Shared decision-making surpasses top down rulings. No one wants to be bossed around, least of all an adolescent! And no parent wants the emotional fall out from a rift or unnecessary conflict. Collaborating invites ideas, requires listening and trust, and results in an agreed upon plan.
Here’s an example of how it works with setting a school year bedtime.
Ask your child to research how many hours of sleep kids her age need each night. You’ve just made her an expert. When she reports the number of hours, ask her to do the math. Have her figure out what her bedtime would be, keeping in mind get up, get ready, and departure time. She’s just set her bedtime.
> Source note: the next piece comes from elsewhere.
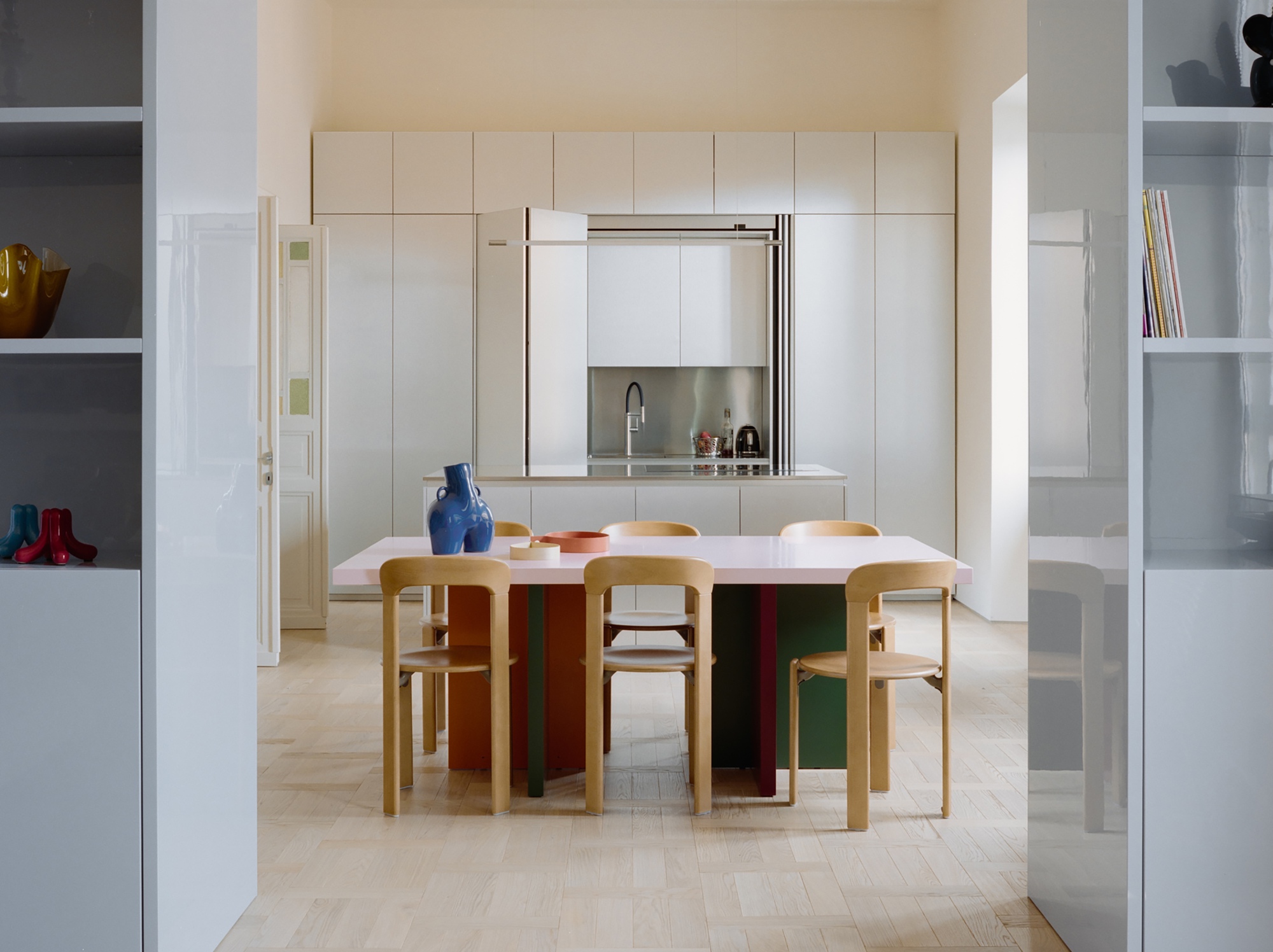 House with Reflective Furniture / Set Architects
Next talk about the details. You’ll wonder what 9:00, for example, means. Is it in bed with the lights out? Does it mean taking a shower before bed or in the morning? Does it mean reading for a while, and for how long? In identifying and agreeing on these things together, both of you know exactly what bed time means. It’s easy for your child to hit a well-defined target.
Finally, you or she will realize that revisiting her bed time may be necessary on school nights with practices, clubs, and games begin. More planning, talking, and figuring it out together. More including her on decisions that affect her.
The wins are many: fewer nightly conflicts, your actions tell her you care, value, and trust her, and you can move forward together making decisions on chores, grades, screen time, and more.
Have a great school year! I’m here to help you you.